So, we deal with a lot of different image types and, of course, in order to deal with all these image types, we have a lot of data. So, with all these different segments, working in both software development and also in data analysis means we have a large amount of really unstructured data. So, part of our problem is that this ranges from the very small of “HelloWorld” as a C++ program, all the way up to rabbit retina data sets as volume renderings, which is almost a four terabyte data set. That’s a single file size. So, we run everything from very small to very large. And in the process of doing this, we also generate a lot of temporary data, which is a huge problem to kind of keep around and keep track of. You know, when you’re dealing with these big image slices, to do what we do with it, there’s a lot of intermediary data that gets generated out of that.

So, this is kind of our layout of how we structure storage. In our world and probably in a lot of other environments, second only to your network is probably storage. It’s probably one of the most important things that you have in your environment. So, virtually, everything at SCI ties into our storage system. We have two separate Qumulo clusters. We have one at the bottom, which is our QC208s. We have four of those and we have seven of the QC24s, which is in the middle there. And that’s split out for a very particular reason is that the 208s on the bottom are sort of our overhead and general storage, whereas the QC24s are less expensive and it’s easier to write into a grant and put into funding. So, there’s a real reason why we split this out that way.

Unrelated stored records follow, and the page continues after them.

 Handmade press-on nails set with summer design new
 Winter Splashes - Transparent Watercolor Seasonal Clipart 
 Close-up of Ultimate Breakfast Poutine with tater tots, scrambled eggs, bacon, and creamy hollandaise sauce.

So, for clients, we run pretty much a wide variety of clients that all access this storage. Everything from 200-plus desktops, our web servers and web services, our email servers, we have a large tape backup library that backs up all the data across these two clusters. We have large-scale shared memory systems that run in the 160 CPU core range. We have a lot of little specialty systems that faculty bring in to do specific projects, and then we have two clusters, 96 total nodes split between two different clusters, one CPU only and one GPU cluster.

There’s a little line that runs over to the cheap and not so cheerful storage at the top. We don’t allow our users to actually write their temporary data directly to the Qumulo system and that’s because it’s all temporary data. The last thing we want is to pollute our big storage and our nice storage system with a bunch of files that the next day are just going to get over written or that somebody is going to forget about and then are going to sit there for two years and nobody is ever going to clean up. So, we write our temporary to a smaller system and then all of the final data actually ends up on our Qumulo system where it then can be backed up and people can do whatever their next step of their project is with that. In order with all these different connections, we pretty much cycle through on our network with just a poor man’s DNS and do a DNS round robin, and that’s worked out pretty well for us over the years.

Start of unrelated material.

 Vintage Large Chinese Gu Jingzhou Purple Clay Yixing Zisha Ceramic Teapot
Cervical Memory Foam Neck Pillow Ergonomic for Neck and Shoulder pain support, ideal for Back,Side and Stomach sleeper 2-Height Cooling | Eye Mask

So, this is a little bit more of a layout. It’s a little hard to see on that screen, but we have a 10-gig switch in between all of our clients and in our Qumulo storage. And we export all of our storage out to Windows boxes, Linux, and in our Macs. We’re 90% Linux and Mac. We have a few Windows boxes that we do SMB on for Samba. The really great thing for us in Qumulo was when we got Qumulo, we were able to end-of-life all of our active directory servers, which we’re not Windows folks so that was a great thing for us to get rid of our active directory. Then the way that you interact with the Qumulo file system, we’ve also dedicated two of our Linux boxes as control notes that have multiple 10-gig interfaces and we use those for data migration and to move data back and forth across multiple systems, and those are all via NFS. We also use our Linux boxes to run any management scripts through the Qumulo API, on top of there, and that’s worked out really well for us and been pretty efficient.

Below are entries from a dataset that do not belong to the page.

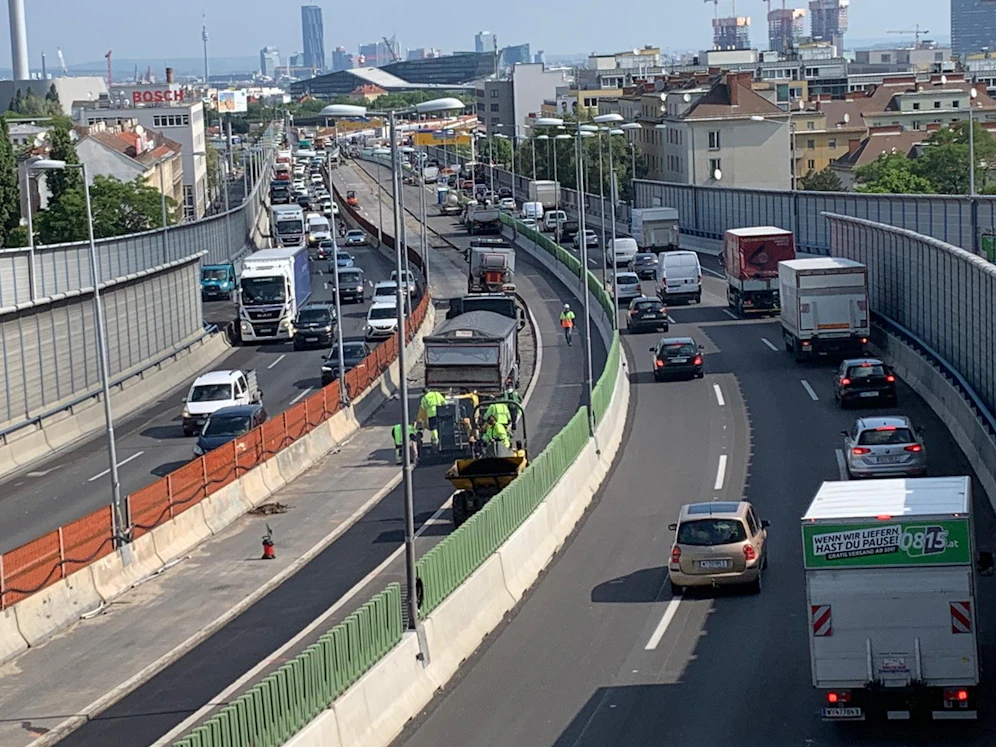 Die Asfinag sperrt für einen Monat die A 23 Abfahrt Gürtel/Landstraße in Fahrtrichtung Süden 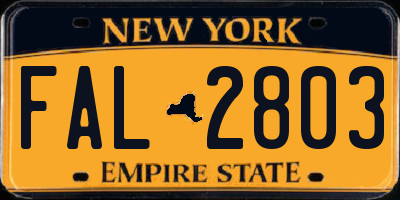 NY license plate FAL2803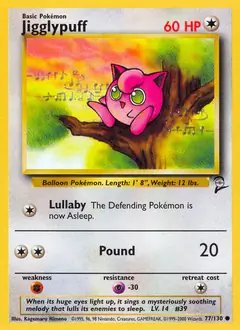 Jigglypuff Pokemon card from Base Set 2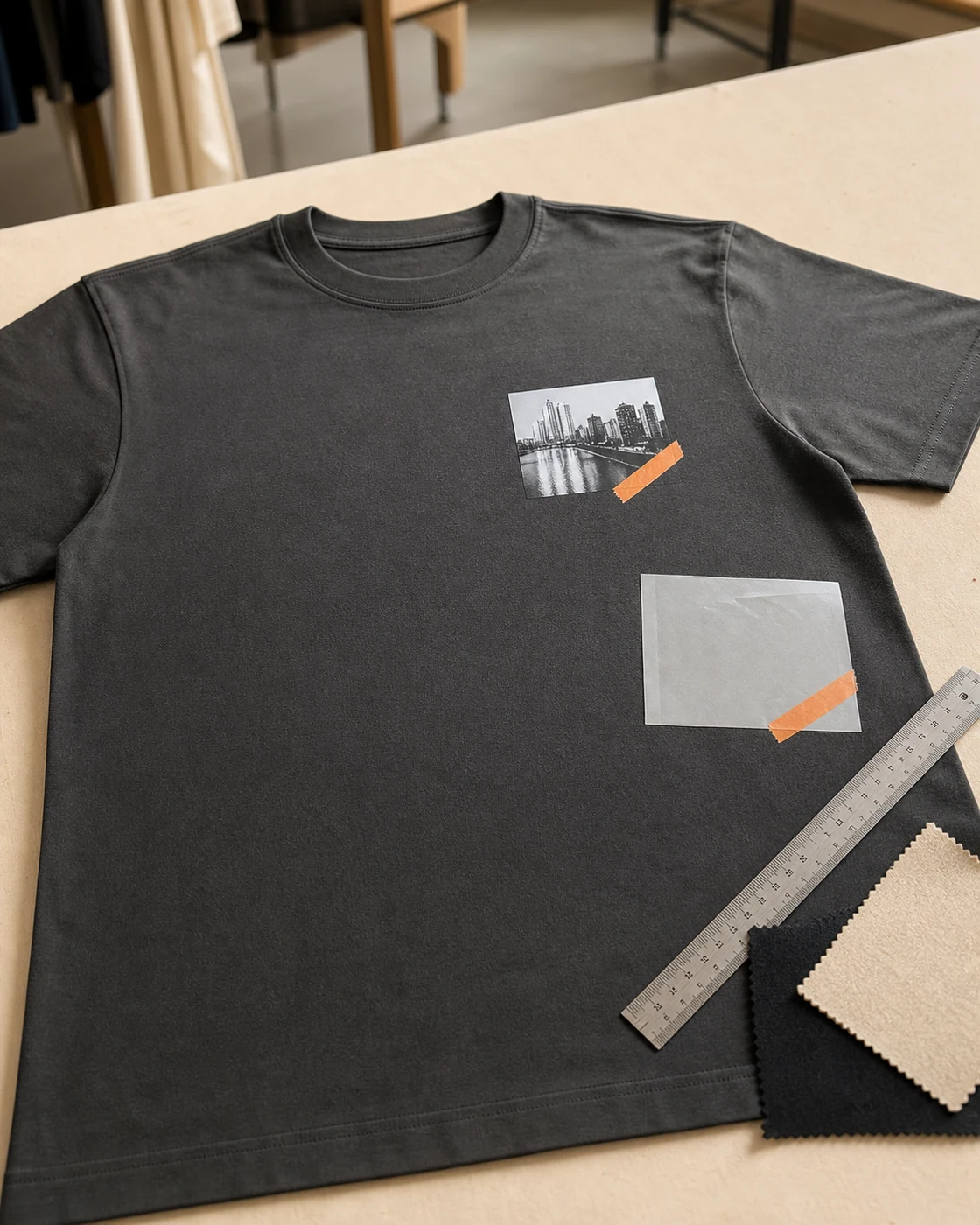Heat-transfer graphic on a dark T-shirt beside an unbranded carrier sample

So, of course, we’ve got all this great storage, but data abhors a vacuum. So, if there is free space, it’s going to get filled. Especially if you work in higher education and work with graduate students, they will just fill it until it overflows, right? So, anybody who works with grad students knows this. So, this is kind of interesting because the steep line on the right hand side is when we deleted our temporary data at the beginning of the year and we’re beginning to move all of our data into production, which is right around this time last year. So, you know, of course, storage is in fact the limited resource. So, knowing where your data is going is really important not only for what you’re doing today, but for capacity planning in the future so that if you’re like us and are federally funded, and have to work through a grant cycle, you know how far in advance you need to start scheduling and trying to fit storage into your research budget.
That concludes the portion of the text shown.